From the Providence Journal |
The Fourth Estate is in a bad estate in Rhode Island.
Just look at the above picture. The copy could not identify the base location for the report without making a mistake. The newspaper industry is already hitting harder times, with online media eating up the market share, but editing is next to godliness, and for the front page column to present mistakes like the above, no one should be surprised to see the ProJo turning into the NoGo.
Don't get me wrong. Things are not looking too good for the press in California, either, as the left-leaning Los Angeles Times just bought up the more conservative San Diego Union-Tribune. One conglomerate will control the reporting in major newspapers throughout Southern California. That in itself will not bode well for eager readers looking for the full story.
The Los Angeles Times has routinely, and in petty fashion, attacked Texas, even though the Lone Star state continues poaching businesses, residents, and thus creators, makers, and taxpayers from welfare-ridden, subsidized California. The paper published an empty attack against a US Senate candidate in Missouri because of a few comments about rape (in tabloid fashion), and even dedicated its front page to another, Democratic, US Senate candidate running for reelection in Alaska (Mark Begich, who lost by four points last year).

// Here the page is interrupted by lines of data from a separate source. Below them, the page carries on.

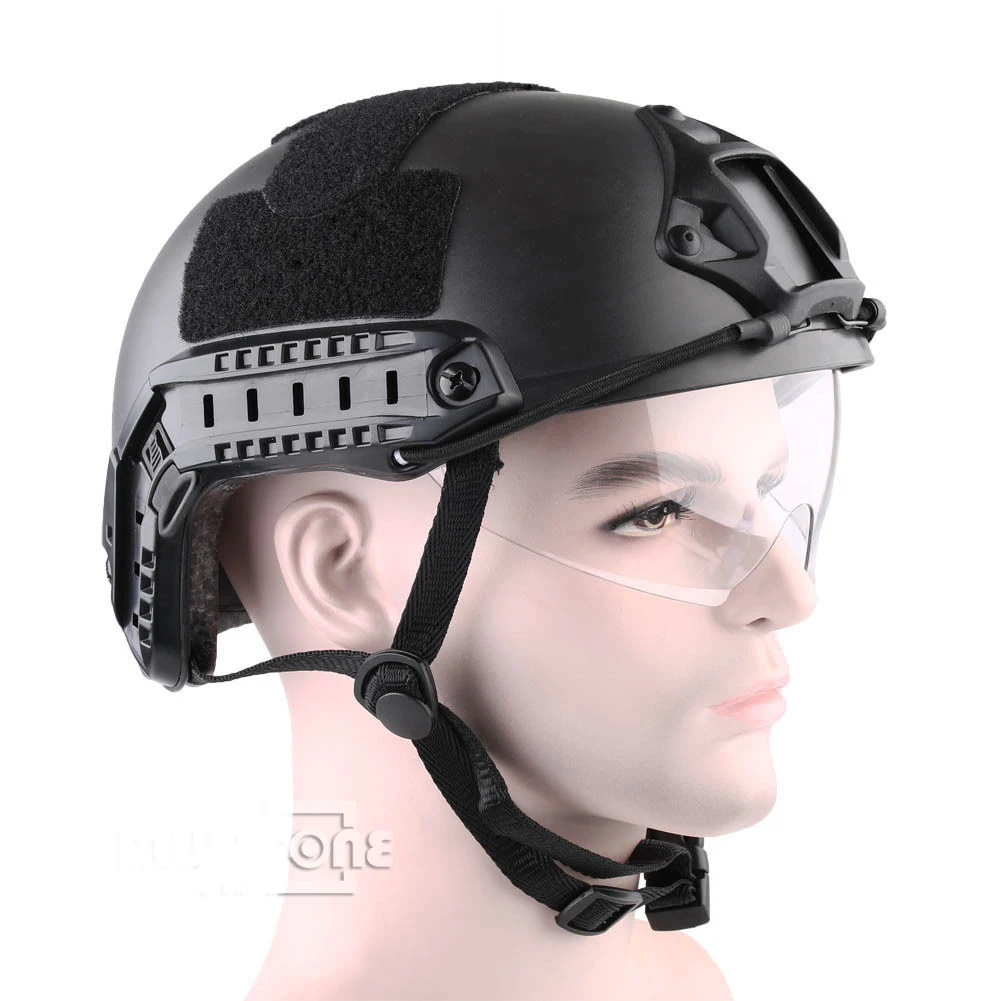 

FAST MH BASE HELMET Motorcycle Outdoor Cycling Riding Cs Protective Security Helmet with Glasses Hunting Accessories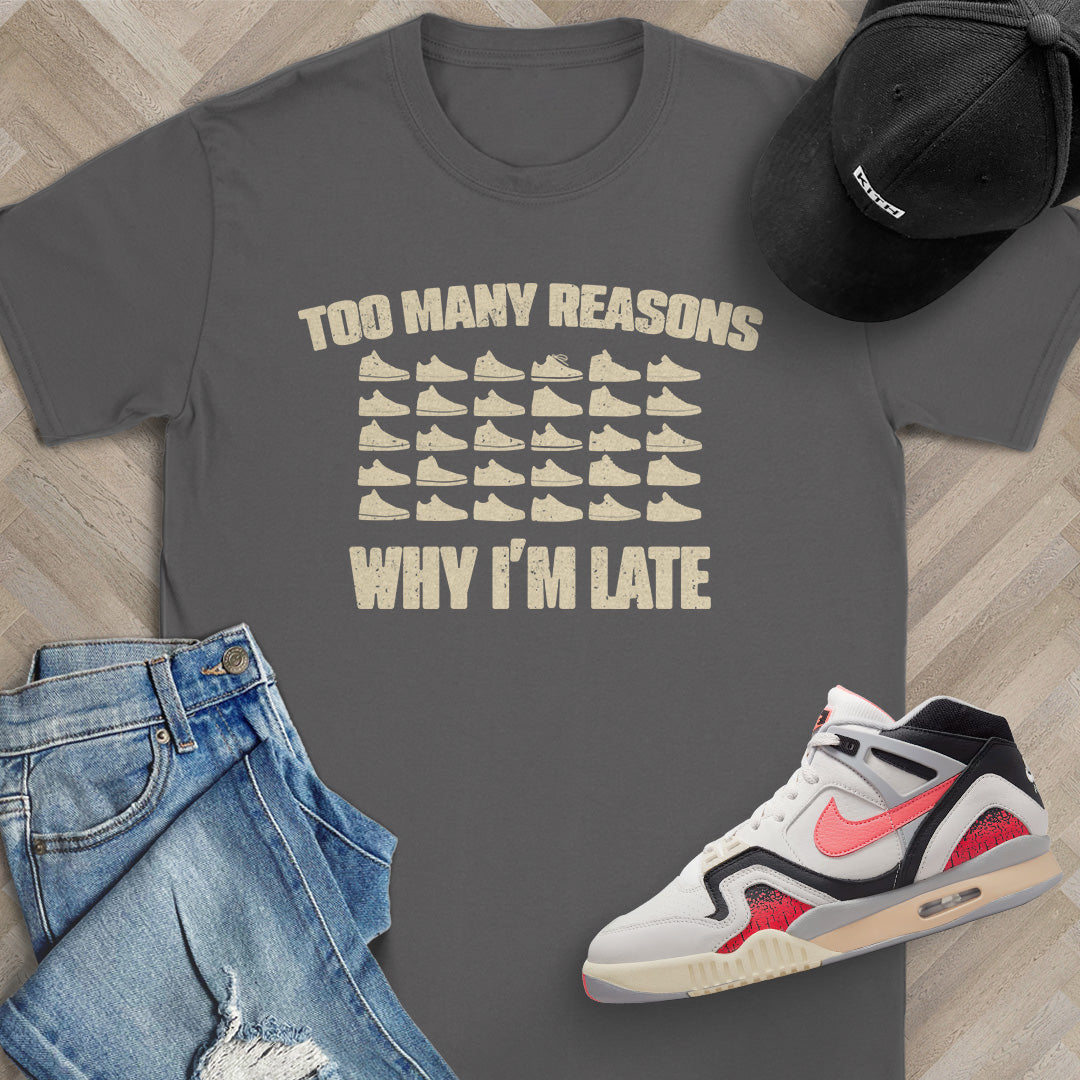 Too Many Reasons Why I'm Late T-Shirt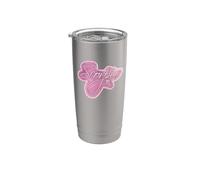 Escorpio Pink Dreamy Icing Aesthetic Zodiac Graphic Vaso térmico de acero inoxidable de doble pared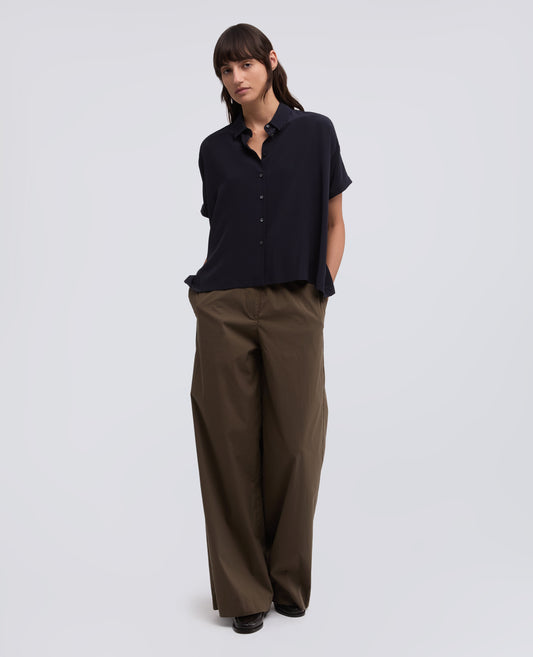 CAMICIA IN CREPE DE CHINE SETA - BLU - ASPESI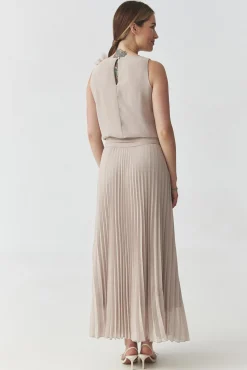 PLISOWANA SUKIENKA MAXI — ROZANI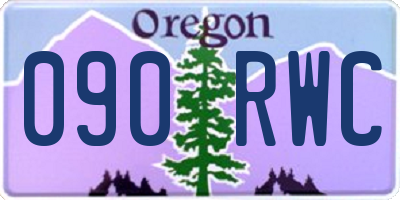 OR license plate 090RWC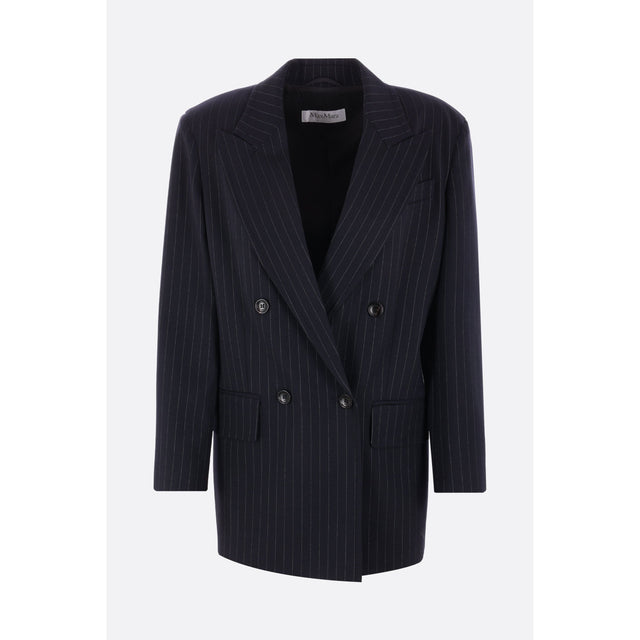 Wool Double-breasted Jacket-MAX MARA-JOHN JULIA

The Los Angeles Times was in such disarray, that now-retired Congressman Henry Waxman wanted to probe the financing and restructuring of the paper last year, too. Perhaps Congressmen James Langevin or "Grand Theft Auto" David Cicilline should consider donating their considerable campaign cash to salvage their state's liberal mouthpieces, too.
The same failures, from biased liberal propaganda to falling subscriptions, apply to Rhode Island – and one of the reasons? The failure of the media to hold the powers that be accountable.
From WPRI to the Providence Journal, it appears that the newspaper industry is all about carrying water for the big (Democratic) lobbies and interest groups. Now they cannot bother to edit and rewrite their copy. Despite recent efforts for greater transparency from state leaders, the statewide media do nothing more than report on the decline, and without doing anything to get people angry enough to do something about it.
In 2014, the ProJo demanded a change in leadership and representation, then went ahead and endorsed all the Democratic candidates for statewide and federal office. Even The Los Angeles Times endorsed outsider Democrats and Republicans for statewide office, even though the California Democracy swept the top offices.
Let's face it: from the poor editing, to the non-investigative journalism, to the increasing number of softball questions from statewide reporters, the RI media is just not "Providen" enough.